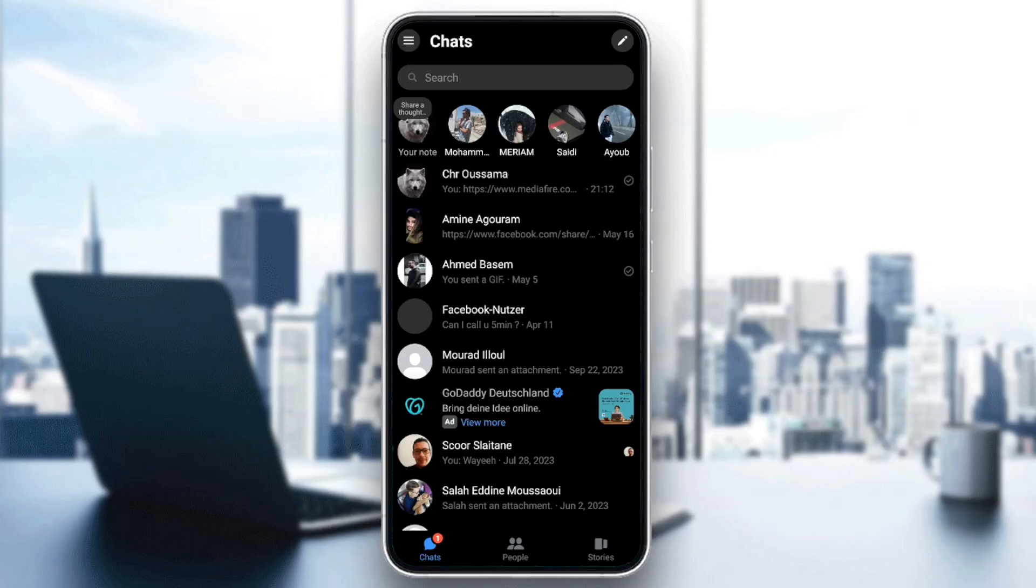As you can see, I'm right now in Messenger, and this is how the homepage looks like. Right here at the bottom, you're going to find all of the sections. Here you're going to find the chat section, people, and right here you're going to find your stories.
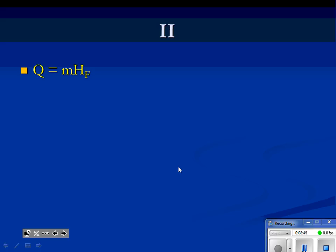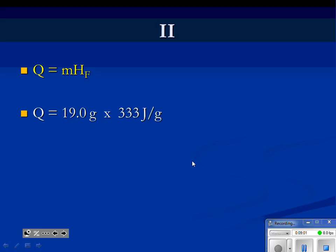Section 2 is where the actual melting occurs — this is the melting point. I don't have a change in temperature, so I use the equation Q equals mass times the heat of fusion. The mass is 19.0 grams and the heat of fusion is 333 joules per gram. When I multiply those two values together, I get 6,327 joules.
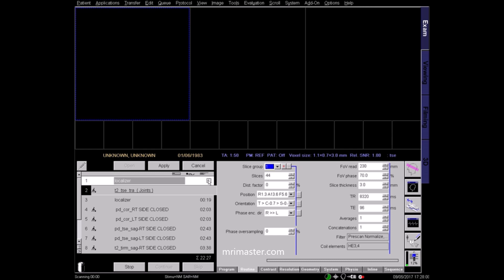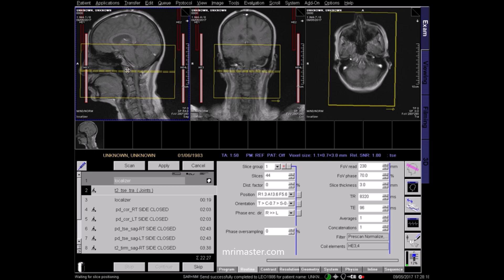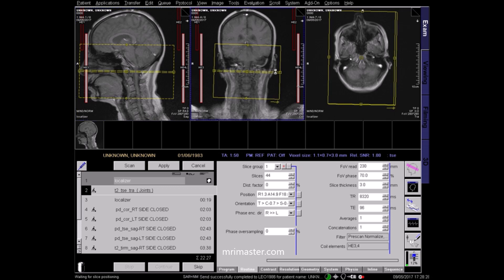Begin with the three-plane localiser sequence. On this localiser, plan the first sequence which is a T2 axial. This will be used to plan all of the subsequent sequences in this protocol. To ensure coverage of the TMJ joints, you should include the frontal sinus superiorly and the lower lip inferiorly. On the coronal plane, angle the positioning block perpendicular to the midline of the brain and C-spine. Check the centring in the axial plane and apply.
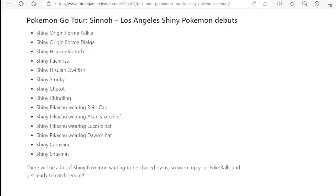Shiny Pikachu wearing Rei's cap, Shiny Pikachu wearing Akari's kerchief, Shiny Pikachu wearing Lucas's hat, Shiny Pikachu wearing Dawn's hat, Shiny Carnivine, Shiny Shaymin.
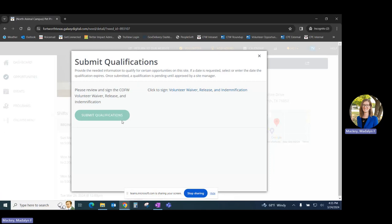You'll submit those qualifications, and this opportunity will be added to your schedule. If you do not have an account with Get Connected, you'll be prompted to complete your account setup at this time.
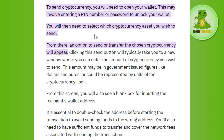Since you want to send bitcoin, you will have to select bitcoin. From there, an option to send or transfer the chosen cryptocurrency will appear, so you need to click on the Send button. Clicking the Send button will typically take you to a new window where you can enter the amount of cryptocurrency that you wish to send.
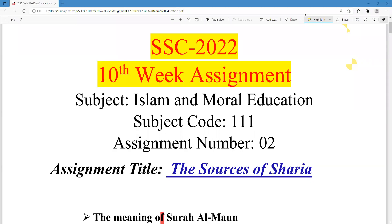As-salamu alaykum wa rahmatullah. This is Muhammad Kamal Hussain, content creator, Triangular Kamal Academy. Welcome to all of you in my assignment solution class.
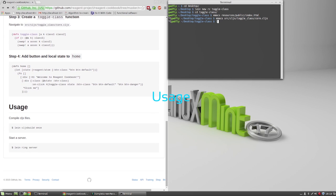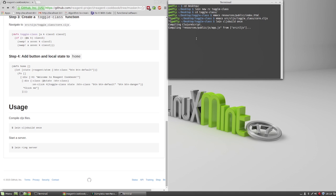Usage. Compile the ClojureScript files by typing lean cljs build once. Now start a server by typing lean ring server.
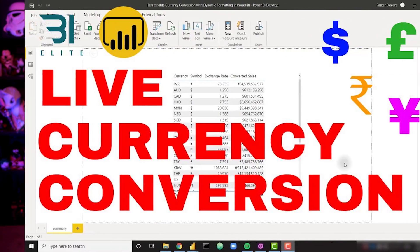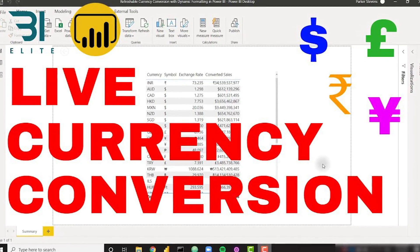Parker Stevens has got a video looking at currency conversion, how to refresh it, and how to actually utilize dynamic formatting as well. What Parker's doing is not only taking a source and refreshing from that, but also applying dynamic formatting by using calculation groups. You can do some amazing things with calculation groups — it does allow for those custom format strings — and he walks through Tabular Editor and how to actually set this up. Currency conversion is definitely of interest to those in the finance sector, so if this is a new concept for you, check out the video — Parker's got you covered.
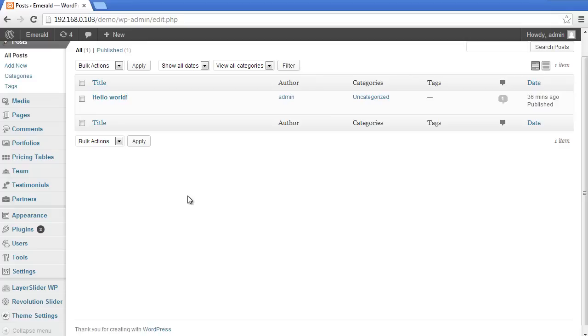That's the installation of the Emerald theme. I hope you liked it. Thank you!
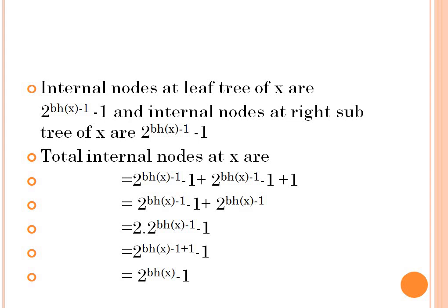The internal nodes at the left subtree of x are 2^(bh(x)-1) minus 1, and the internal nodes at the right subtree of x are 2^(bh(x)-1) minus 1. The total internal nodes at x are obtained by adding the left and right subtrees' internal nodes, giving us 2^bh(x) minus 1.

- - -

All of the records above are to be printed exactly, with every picture omitted.

EXERCISE ANSWER ->
As you can see, I'm right now in Messenger, and this is how the homepage looks like. Right here at the bottom, you're going to find all of the sections. Here you're going to find the chat section, people, and right here you're going to find your stories.
Section 2 is where the actual melting occurs — this is the melting point. I don't have a change in temperature, so I use the equation Q equals mass times the heat of fusion. The mass is 19.0 grams and the heat of fusion is 333 joules per gram. When I multiply those two values together, I get 6,327 joules.
Begin with the three-plane localiser sequence. On this localiser, plan the first sequence which is a T2 axial. This will be used to plan all of the subsequent sequences in this protocol. To ensure coverage of the TMJ joints, you should include the frontal sinus superiorly and the lower lip inferiorly. On the coronal plane, angle the positioning block perpendicular to the midline of the brain and C-spine. Check the centring in the axial plane and apply.
Shiny Pikachu wearing Rei's cap, Shiny Pikachu wearing Akari's kerchief, Shiny Pikachu wearing Lucas's hat, Shiny Pikachu wearing Dawn's hat, Shiny Carnivine, Shiny Shaymin.
You'll submit those qualifications, and this opportunity will be added to your schedule. If you do not have an account with Get Connected, you'll be prompted to complete your account setup at this time.
Since you want to send bitcoin, you will have to select bitcoin. From there, an option to send or transfer the chosen cryptocurrency will appear, so you need to click on the Send button. Clicking the Send button will typically take you to a new window where you can enter the amount of cryptocurrency that you wish to send.
As-salamu alaykum wa rahmatullah. This is Muhammad Kamal Hussain, content creator, Triangular Kamal Academy. Welcome to all of you in my assignment solution class.
Usage. Compile the ClojureScript files by typing lean cljs build once. Now start a server by typing lean ring server.
Parker Stevens has got a video looking at currency conversion, how to refresh it, and how to actually utilize dynamic formatting as well. What Parker's doing is not only taking a source and refreshing from that, but also applying dynamic formatting by using calculation groups. You can do some amazing things with calculation groups — it does allow for those custom format strings — and he walks through Tabular Editor and how to actually set this up. Currency conversion is definitely of interest to those in the finance sector, so if this is a new concept for you, check out the video — Parker's got you covered.
That's the installation of the Emerald theme. I hope you liked it. Thank you!
The internal nodes at the left subtree of x are 2^(bh(x)-1) minus 1, and the internal nodes at the right subtree of x are 2^(bh(x)-1) minus 1. The total internal nodes at x are obtained by adding the left and right subtrees' internal nodes, giving us 2^bh(x) minus 1.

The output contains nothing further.